Il fascino dei thriller
Invito alla lettura di Tornerà di Rinaldo Boggiani
Siamo, da appena un mese, entrati nella stagione autunnale. Una stagione descrivibile attraverso il color grigio: sopraggiungono i primi freddi, la pioggia, la nebbia, al cielo soleggiato incede, parafrasando il poeta viterbese Vincenzo Cardarelli (1887-1959), quello plumbeo. Atmosfere cadenzate al punto giusto per scenari thriller.
In uno sfondo affine s’inserisce a pieno il romanzo di Rinaldo Boggiani, Tornerà, edito dai tipi di Albatros, nel novembre del 2015. L’autore, giurista e allievo dello storico del diritto italiano, Italo Mereu (1921-2009), da tempo avvezzo alla scrittura, sia a quella saggistica che a quella narrativa, ci ha regalato un thriller avvincente, in cui la santa Inquisizione e Bologna, «patria di Innocenzo III, apostolo dell’inquisizione» come lo scrittore ci ricorda (Ivi, p. 152), ne sono i protagonisti tematici.
L’originalità di Boggiani è tale che, oltre a nutrirsi di toni danbrowniani (e qui riecheggiano positivamente le parole del celebre critico letterario Cvetan Todorov, morto meno di un anno fa, nelle prime pagine del suo saggio del ‘70, La letteratura fantastica, secondo il quale non esisteva letteratura se non da altra letteratura), oltre a nutrirsi di toni danbrowaniani, dicevo, le pagine di questo romanzo permeano di barlumi argentiani. Un film che questo libro, a mio giudizio, evoca è La terza madre (2007), l’epilogo della trilogia delle Tre madri (1977-2007), anteceduto da Suspiria (1977) e Inferno (1980). La terza madre, sebbene abbia uno sfondo più cruento, è una pellicola che, ambientata in tempi odierni – proprio come il libro di Boggiani -, pone al centro le vicende di una setta demoniaca alle prese con la caccia alle streghe. Se in quell’occasione la narrazione nasceva dal ritrovamento di un’urna, in Tornerà, i fatti narrati ruotano attorno al possesso di un libro. I quattro protagonisti, in tal caso, Alessandro, Silvia, Paolo e Tommaso, devono fronteggiare, come Psiche alle prese col volto di Eros, la loro curiositas verso questo libro, verso la simbologia che quest’ultimo cela. Mosse sbagliate, velleità da detective potrebbero rivelarsi fatali…

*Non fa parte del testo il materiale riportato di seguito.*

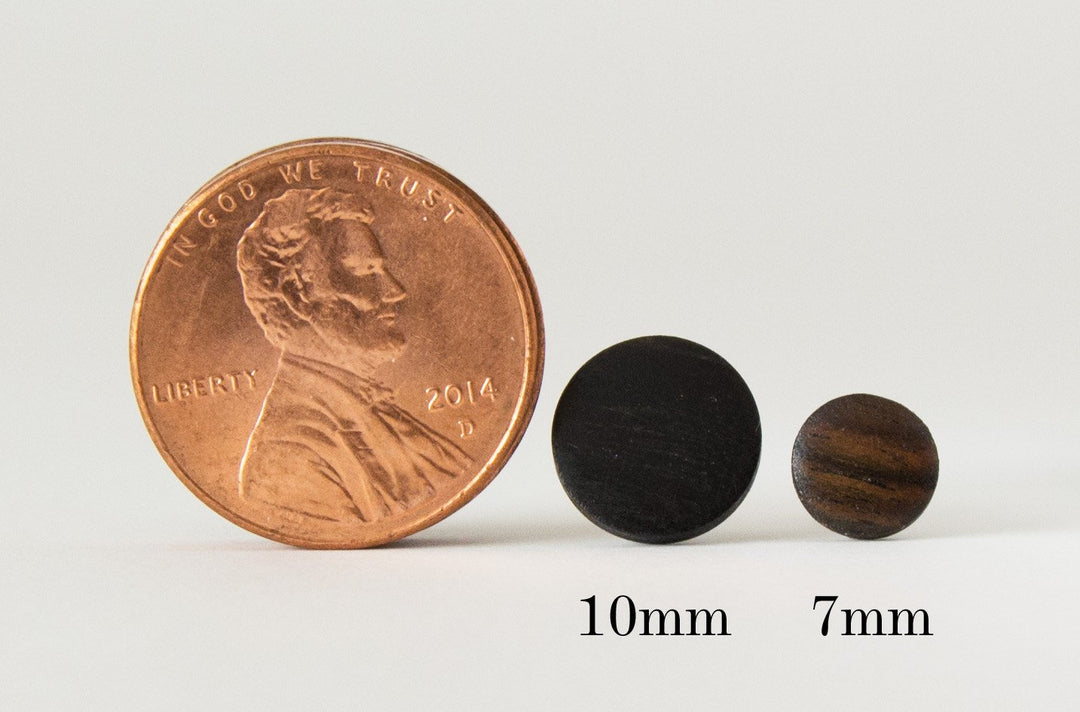 Wenge Wood Stud Earrings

Concludo, infine, mostrandovi parte dell’incipit del romanzo. Ciò su cui consiglio di porre l’attenzione è l’alternanza del bianco della neve e del nero notturno che pervade l’inquieto scenario descritto dall’autore. Suggestiva è, infine, la presenza di una ferrovia. Dico suggestiva, perché, è un (malinconico) luogo che anche lo scrittore austriaco Robert Musil (1880-1942) nella prima pagina dei Turbamenti del giovane Törless (1906) ha delineato, con un gioco cromatico e una funzionalità analoghi a quelli di Boggiani:
12 febbraio, notte da lupi. Erano almeno cinque ore che la neve scendeva senza interruzioni. Le strade, un manto bianco. A ogni avvallamento l’auto presa a noleggio sbandava, la doppia trazione automatica ora funzionava ora no. Avesse saputo come, l’avrebbe disinserita, maledetta elettronica. La luce dei fari aiutava la luna a definire un po’ meglio le cose. Ma conosceva a memoria quelle strade percorse mille volte da giovane con gli amici o quando voleva stare solo. L’argine in lontananza, un’onda nera.
Tre chilometri poi l’arrivo. Era quella la notte. Quella che lo aveva visto nascere al secondo piano di un appartamento in affitto a pochi passi dal fiume. Quando, se tutto filava liscio, si veniva al mondo in casa […]
A sinistra la ferrovia immobile, i treni mangiati dalla ruggine, le rotaie divorate dall’erba, ora tutto bianco. La ricordava animata, lavori in corso sui binari, la stazione piena di gente quando da monello andava a guardare le ragazze partire, sperando che un colpo di vento alzasse le gonne mentre salivano su quei gradini esagerati.
L’auto scivolava nel buio. Negli specchi i binari sporchi lasciati dalle gomme sulla candida neve come solchi nell’anima. Ancora un po’ quei fiocchi così grandi li avrebbero coperti come non fosse successo niente, non fosse passato nessuno, due ferite guarite (Ivi, p. 9, corsivi miei).